Napa Valley Wine Train Birthday Excursion

The family, before we head out from the Napa DepotIn honor of my beautiful mom’s birthday, Beth and I traveled up to Napa to join my sister Shauna and my parents Donna and Ed, for a day spent on the Napa Valley Wine Train (NVWT).

The Wine Train has had a long and sometimes contentious history in the Valley. The movement to start the NVWT was headed by Vincent DeDomenico of Rice-A-Roni fame, among many other food brands. The long legal battle was bitterly fought throughout the valley with many residents against the idea, including my own grandfather Bud Schroeder. Local protesters argued that the Valley was already fraught with enough tourists, a rather reasonable view, actually. Eventually the legal battle ended up in the California Supreme Court, where DeDomenico et al prevailed. The original dissension has dried up over the last 18 years of operation and, for the most part, the Wine Train is now an accepted part of Valley life.
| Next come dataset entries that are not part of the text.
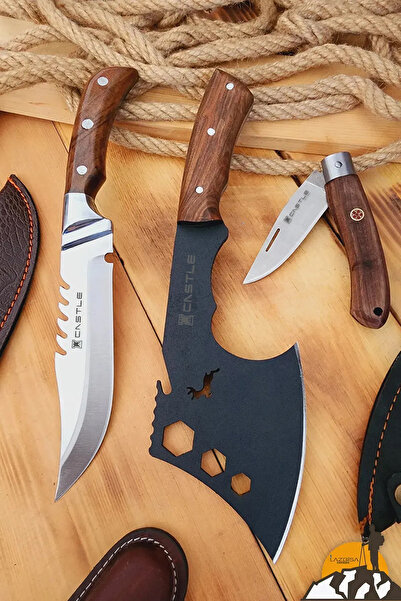 Castle Outdoor Balta Kamp Piknik Çakısı Şef Bıçağı Ceviz Ağaç Ahşap Sap Kılıf...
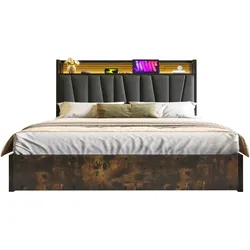 Merax Polsterbett Metallbett LED App-Control Doppelbett mit aufladen USB und LED-Beleuchtung, Metallbett 160x200cm, Holz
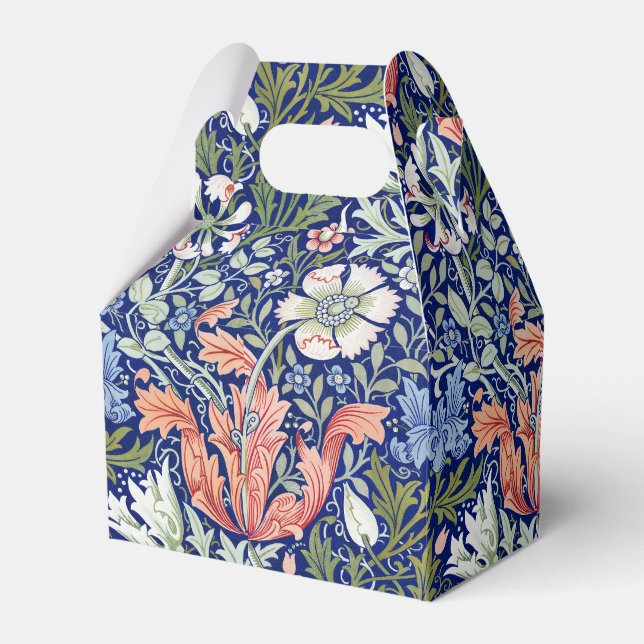 Morris Blue Background 1896 Compton Floral Pattern Favour Box (Front Side)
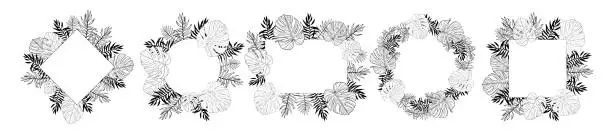 Vector illustration of Jungle frame set Tropical leaves frame. Monstera and palm ink hand drawn leaf, line art vector illustration for invite or card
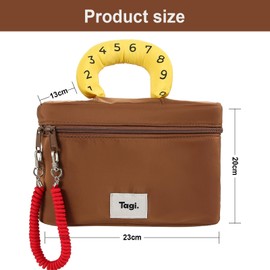 Souvik Cosmetic Bag Women's Large Capacity Makeup Bag Portable Makeup Organiser Cute Makeup Bag for Girls Cosmetic Bag Girls for Travel and Everyday Use, brown, L, Cute contrast color cosmetic bag,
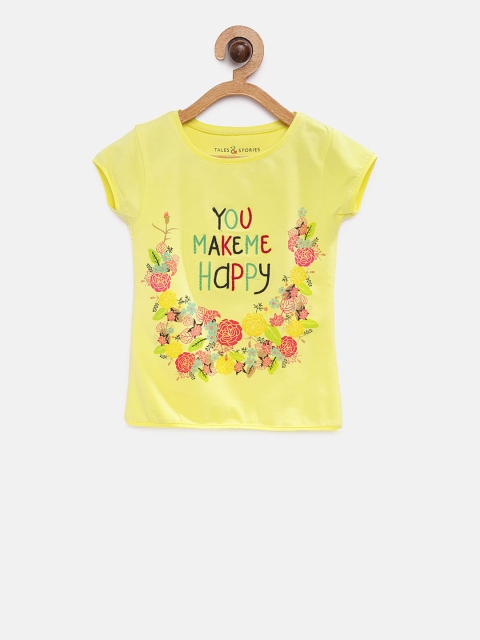 

TALES & STORIES Girls Yellow Printed Round Neck T-shirt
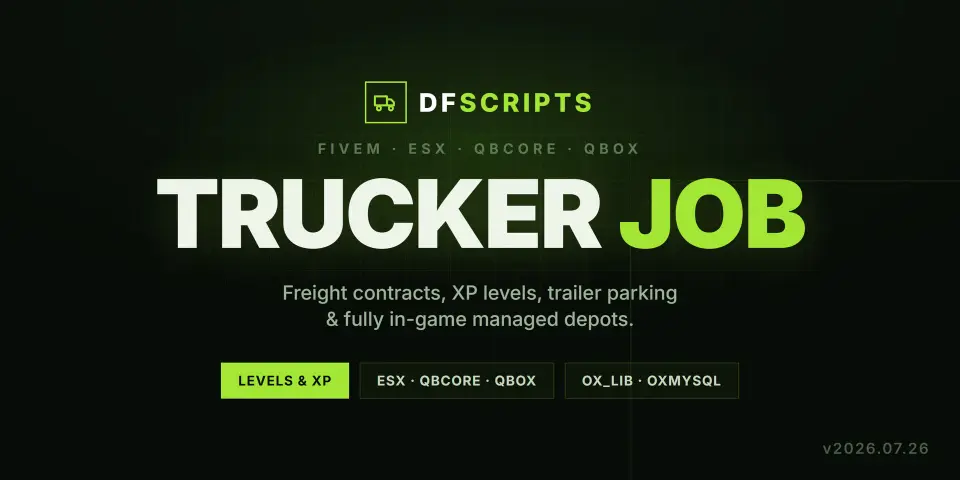 [FREE] DF Trucker Freight Hauling Job with Levels & Leaderboards (ESX/QB/QBox/Standalone)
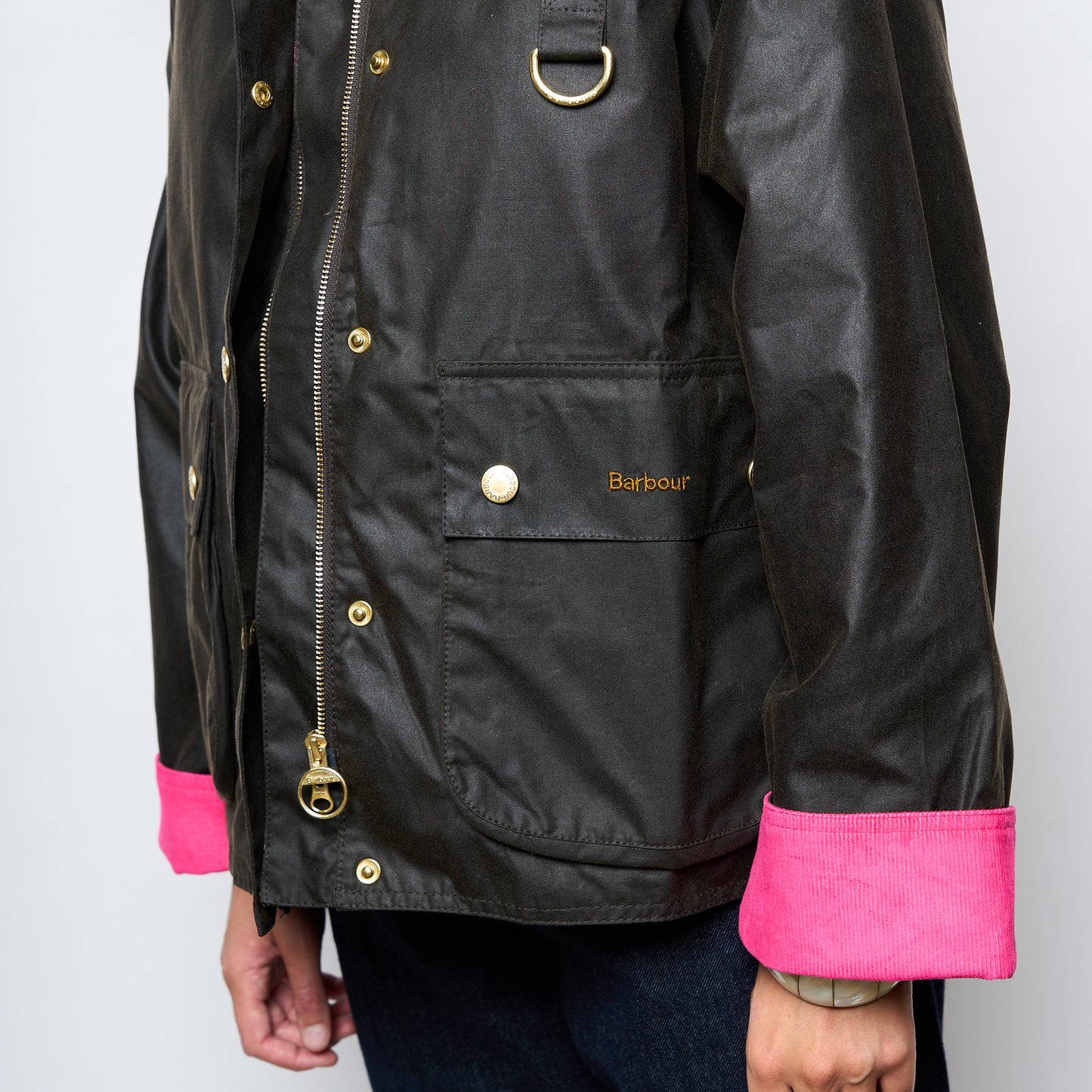 Barbour - Icons Spey Wax Jacket (Olive Classic/Fuchsia)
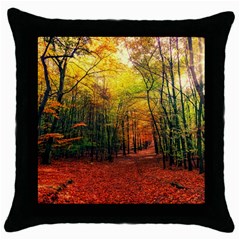 Forest Woods Autumn Nature Throw Pillow Case (black)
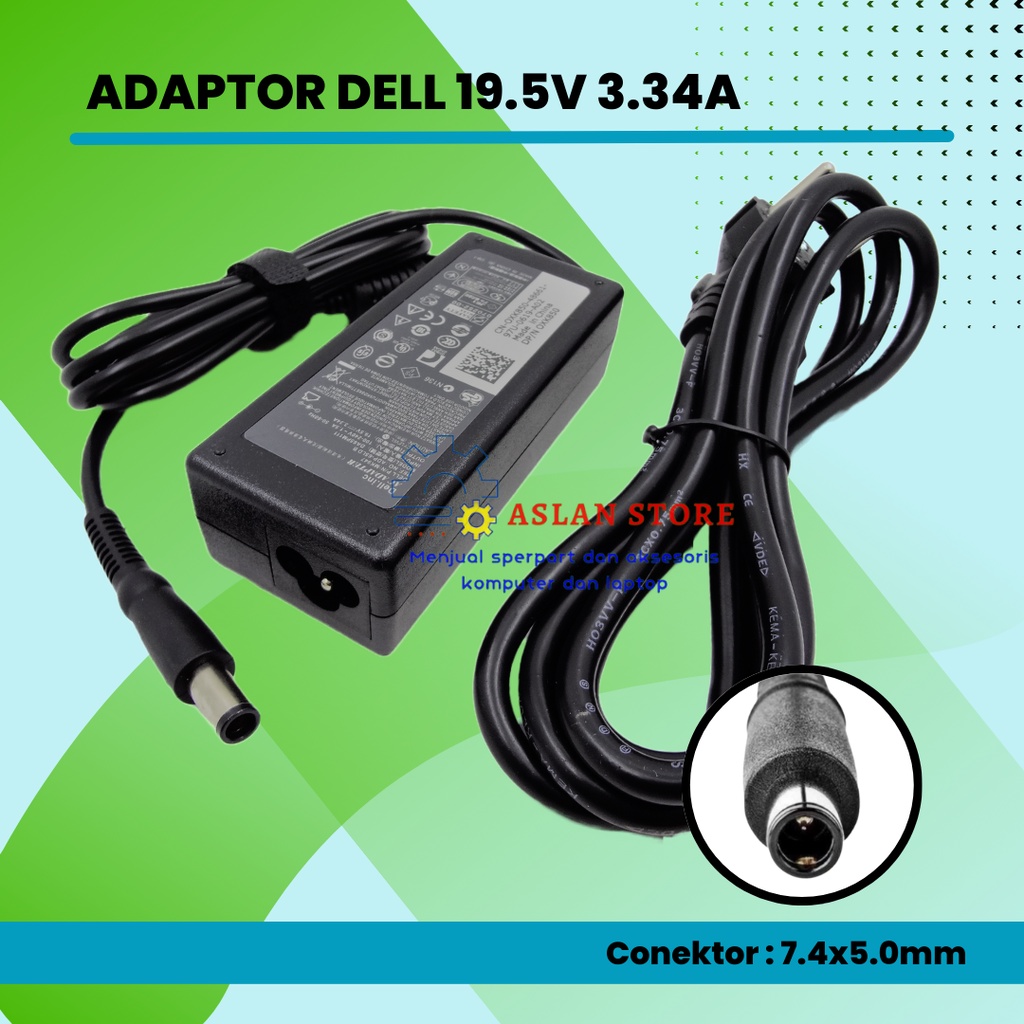 Charger Casan Dell 19.5V 3.34A 7.4x5.0mm D620 D630 D800 E7240 E7270 E7450 E6230 E6420 e7240 Jarum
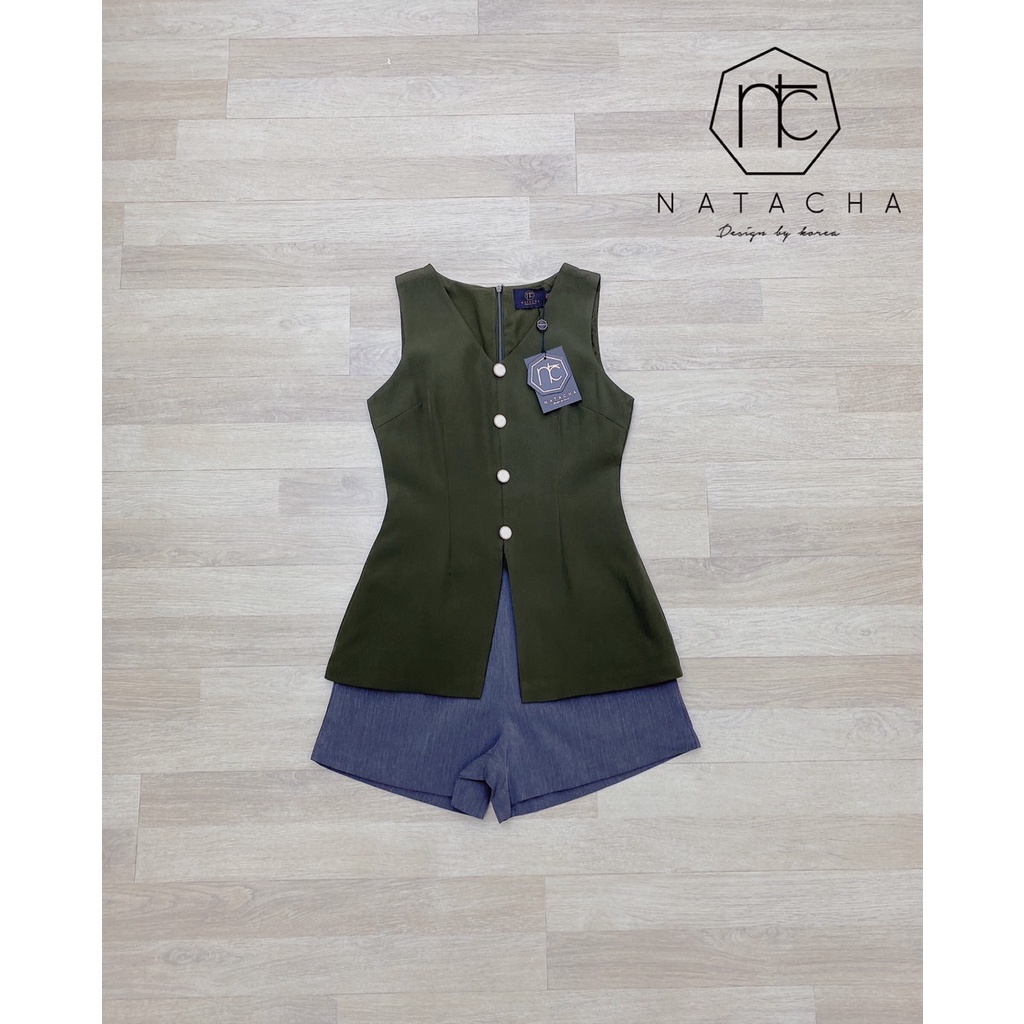 natacha-set-เสื้อคอวีกระดุมหน้าเรียงงผ่าหน้าเล็กน้อย-แมตกางเกงขาสั้น-เนื้อผ้าสวยใส่สบายมากๆคะ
We started the day off at 11:30 in the Napa Wine Depot, trying a complimentary house wine Chardonnay and the red poured by the staff as we waited for the train. I found it pretty impressive that the red was a Pinot Meunier, a rarely grown grape that is usually found as a blending varietal in Champagne and other sparklers. I initially heard that it was a Pinot Noir, however, and I was befuddled as to lack of varietal character until Shauna set me right. Once the train arrived, we headed out to the boarding area to begin our journey.

Vista Dome CarThere are multiple types of lunch and dinner trips that you can take on the Wine Train. We ended up going all out and choosing to book the premiere lunch package in the Champagne Vista Dome car. Unlike all of the other packages, you can spend your entire journey in this car, although you are not required to do so. The trip started with a complimentary glass of Mumm Blanc de Noirs (one of my favorite Napa sparkling houses). After traveling through some of the workday parts of the city, we headed up towards Yountville and some of my favorite views of the Valley.

One of things that I loved about the Wine Train and didn’t initially expect, was just how much more you notice during a leisurely ride Upvalley. I have driven Upvalley hundreds of times in my life and an equal number of times as a passenger. Yet, traveling at roughly the same speed as a brisk bicycle ride reveals many new treasures along the way. Beth and I commented on this effect throughout our journey to and from St. Helena, the end of the line.

Our guide and waiter for the day, Scott, was a rather learned resident of the Valley. A continually humorous aspect of the day was provided by my father, however. He is a massive history buff, particularly within California and my hometown of Napa. That day he had an incredible knack of telling a story about some part of the scenery about 5 minutes before Scott launched into the same spiel, unbeknownst to either. This must have happened at least six or seven times. We then proceeded to nominate him as our favorite tour guide for the Train from there on out!

A large array of glasses were used!My father brightened the mood of our two tables even further when he offered to buy two bottles of wine of my choice from the standard wine menu. We ventured forth with a Cuvaison Carneros Chardonnay (quite tasty and new a favorite for my mom and Shauna) and the Franciscan Napa Valley Merlot.
Lunch was a beautifully presented and very well executed 4 course affair. I started off with the flour-less squash ravioli (better than I thought it would be) and the seafood bisque soup du jour. My entrée choice was the Roasted Beef Tenderloin with Roasted Garlic in a Cabernet Veal Demi. Yummy. Beth’s Blue Nose Sea Bass was not quite as tasty, but still enjoyable.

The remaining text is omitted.